Spark Exasol Connector

🛈 Please note that this is an open source project which is officially supported by Exasol. For any question, you can contact our support team or open a Github issue.

Overview

This is a connector library that supports an integration between Exasol and Apache Spark. Using this connector, users can create Spark dataframes from Exasol queries and save Spark dataframes as Exasol tables.

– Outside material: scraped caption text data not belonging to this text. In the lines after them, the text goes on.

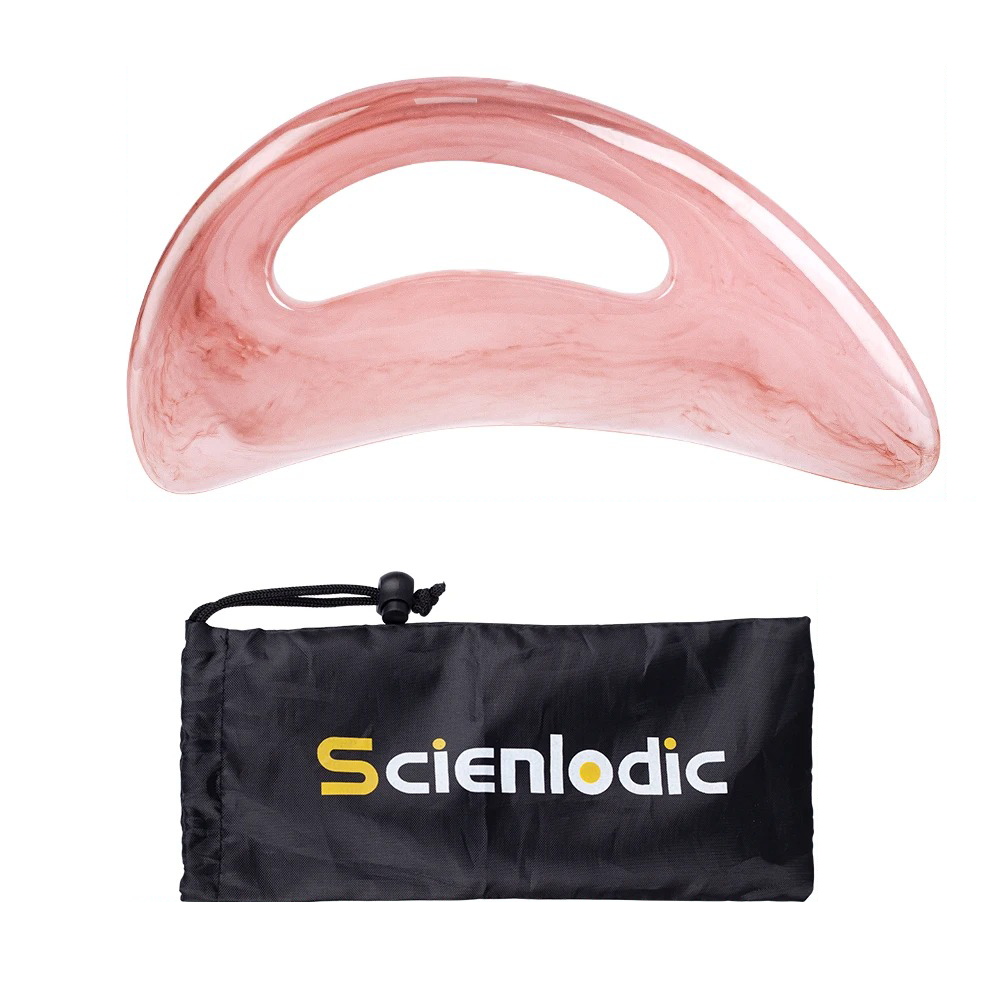 Premium Gua Sha Board - Natural Wood Massage Tool for Facial and Body Scraping Therapy, 18x8cm, Available in Yellow, Pink,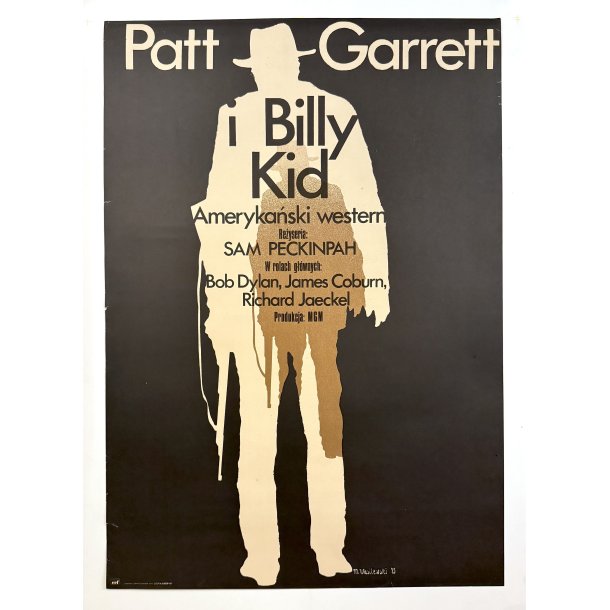 Original Polsk Filmplakat - Patt Garrett &amp; Billy The Kidd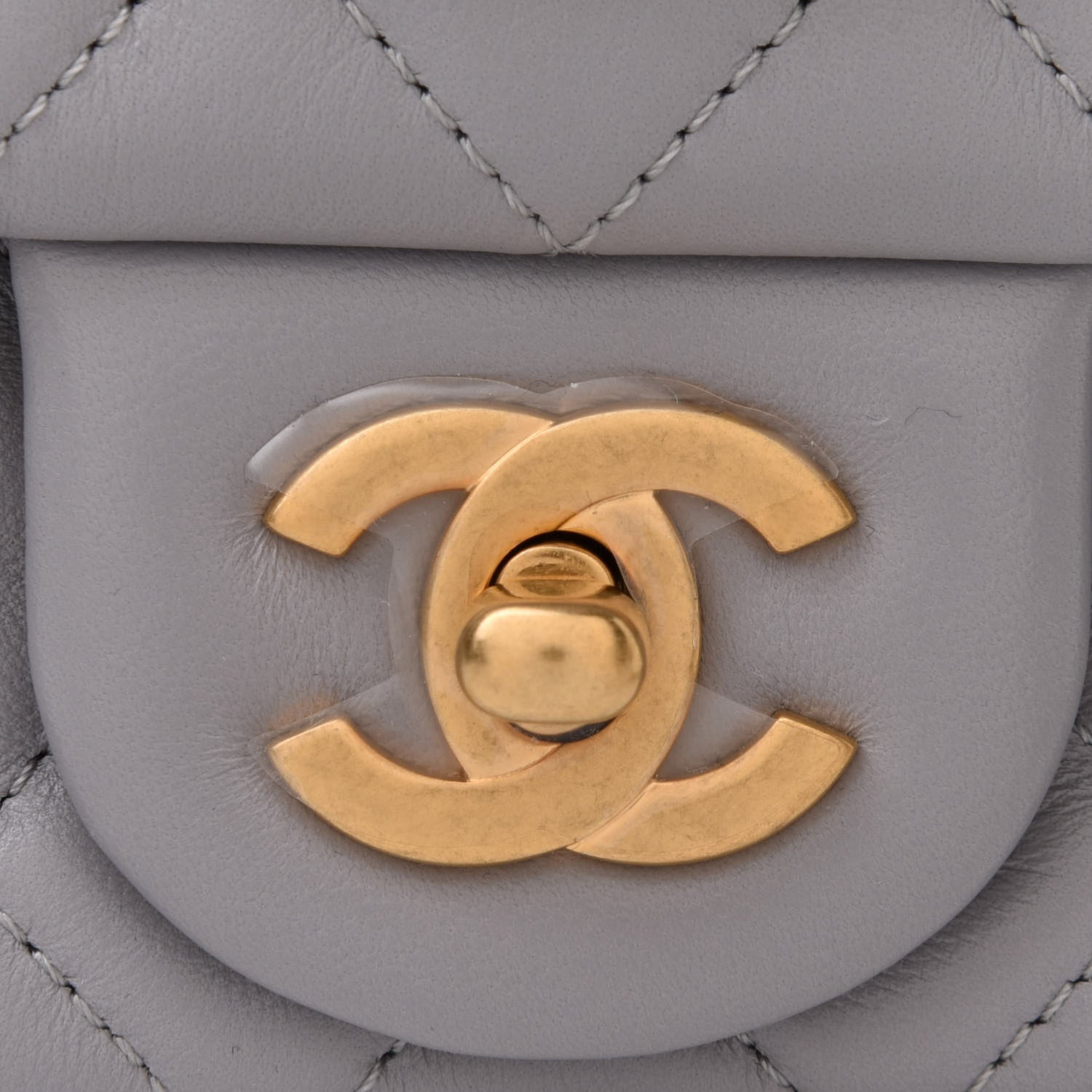 Chanel Lambskin Quilted Mini Rectangular Pearl Crush Flap Grey 5 of 11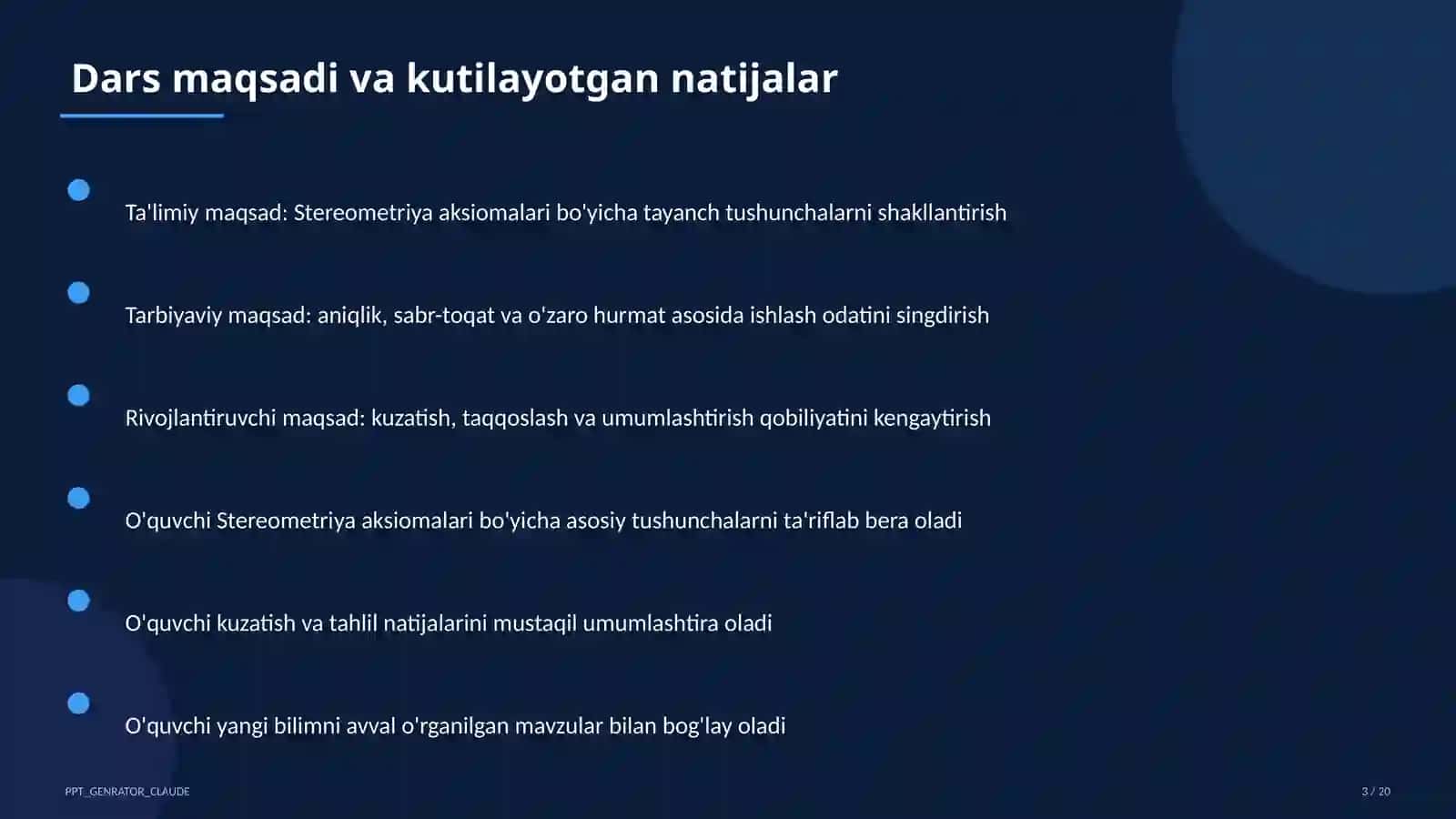 Stereometriya aksiomalari (10-sinf) 3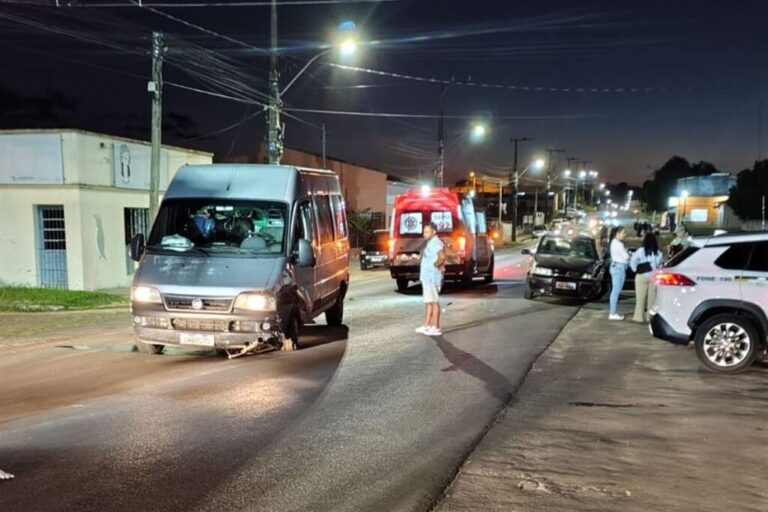 Acidente entre carro e van deixa uma vítima fatal em Rosário do Sul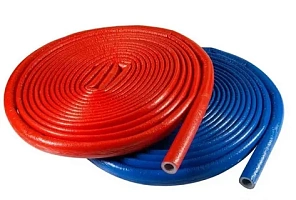 Изоляция трубная Isodom Termo SP ППИ 28/4 ⌀28мм 3/4" (11м×20шт) 220мп синяя/красная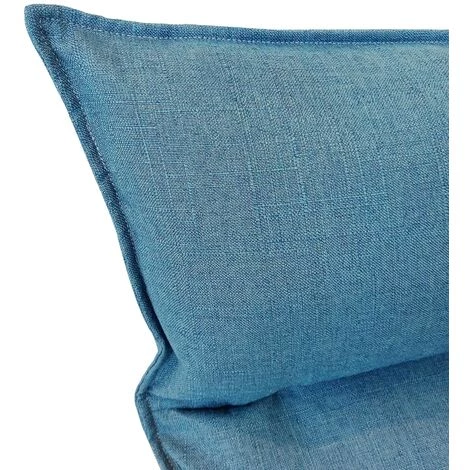 MOBILI REBECCA Rebecca Mobili Chaise De Méditation Fauteuil Yoga Bleué Métal Polyester 70x56x70 6 MOBILI REBECCA Rebecca Mobili Chaise De Méditation Fauteuil Yoga Bleué Métal Polyester 70x56x70 – Image 4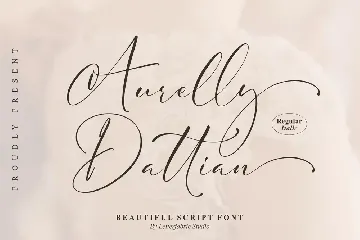 Aurelly Dattian Script Font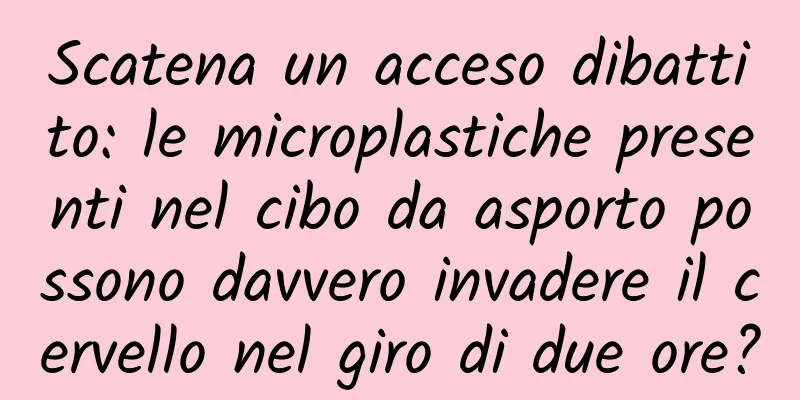 Scatena un acceso dibattito: le microplastiche presenti nel cibo da asporto possono davvero invadere il cervello nel giro di due ore?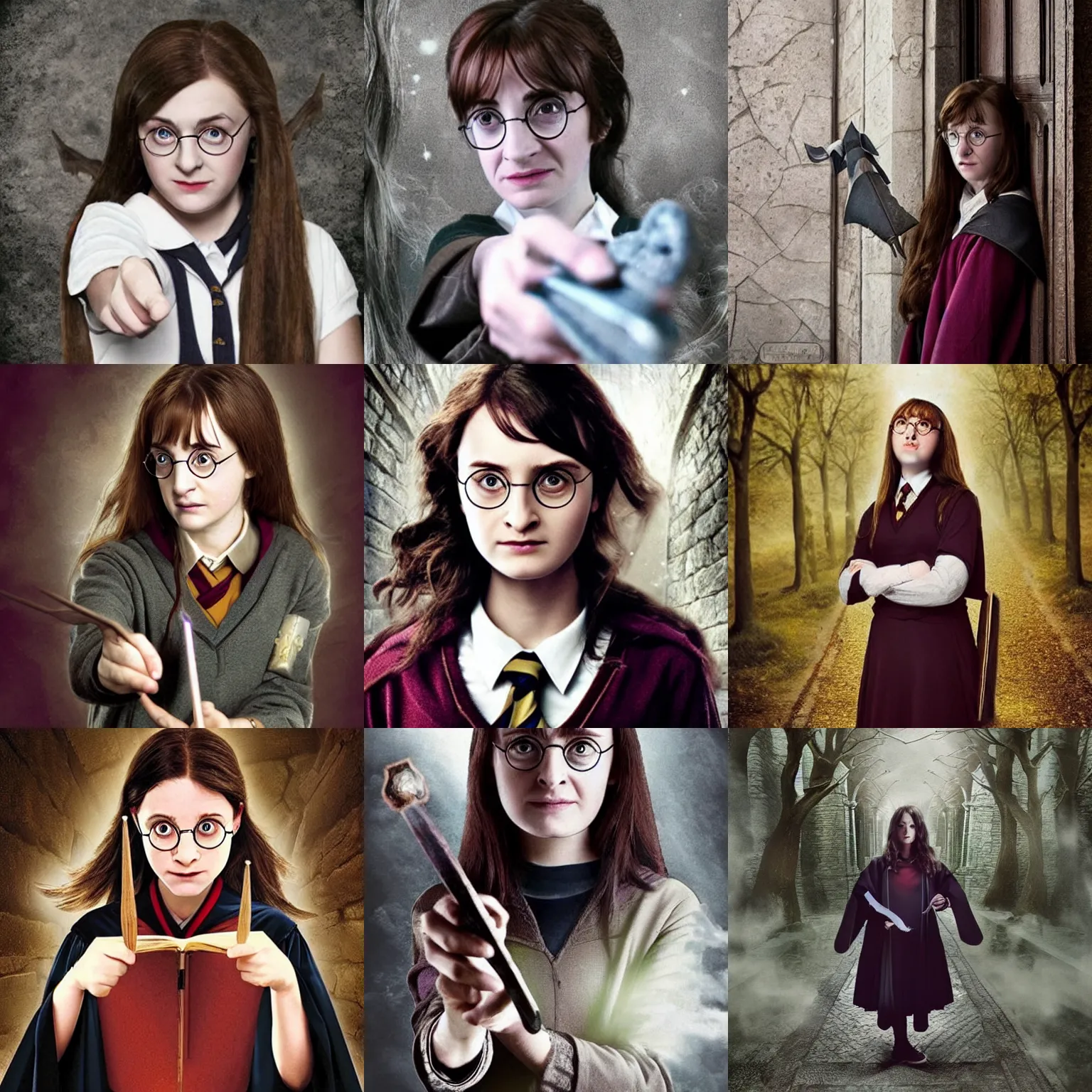 Prompt: female harry potter photograph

The implementation is based on Spark DataSources API and Exasol Sub Connections.

Prerequisite
Quick Start
Usage
Configuration
Building and Testing

Prerequisite

Deployed and running Spark cluster
Deployed and running Exasol cluster
Make sure Spark cluster has enough resources to start executors that are more or equal to the number of Exasol data nodes
Make sure that Spark cluster can connect to Exasol nodes using private ip addresses, e.g, 10.0.0.11
Make sure that Exasol nodes are reachable from Spark cluster on port 8563 and on port range 20000-21000

Quick Start

Here is short code snippets on how to use the connector in your Spark / Scala applications.

Reading data from Exasol as Spark dataframe:

// An Exasol sql syntax query string
val exasolQueryString =
  """
    SELECT SALES_DATE, MARKET_ID, PRICE
    FROM RETAIL.SALES
    WHERE MARKET_ID IN (661, 534, 667)
  """

val df = sparkSession
     .read
     .format("exasol")
     .option("host", "10.0.0.11")
     .option("port", "8563")
     .option("username", "sys")
     .option("password", "exaPass")
     .option("query", exasolQueryString)
     .load()

Saving a Spark dataframe as an Exasol table:

df
     .write
     .mode("append")
     .option("host", "10.0.0.11")
     .option("port", "8563")
     .option("username", "sys")
     .option("password", "exaPass")
     .option("table", "RETAIL.ADJUSTED_SALES")
     .format("exasol")
     .save()

Additionally, you can set the parameter on SparkConf:

// Configure spark session
val sparkConf = new SparkConf()
  .setMaster("local[*]")
  .set("spark.exasol.host", "localhost")
  .set("spark.exasol.port", "8563")
  .set("spark.exasol.username", "sys")
  .set("spark.exasol.password", "exasol")
  .set("spark.exasol.max_nodes", "200")

val sparkSession = SparkSession
  .builder()
  .config(sparkConf)
  .getOrCreate()

val queryStr = "SELECT * FROM MY_SCHEMA.MY_TABLE"

val df = sparkSession
     .read
     .format("exasol")
     .option("query", queryStr)
     .load()

Please note that parameter values set on Spark configuration will have higher priority.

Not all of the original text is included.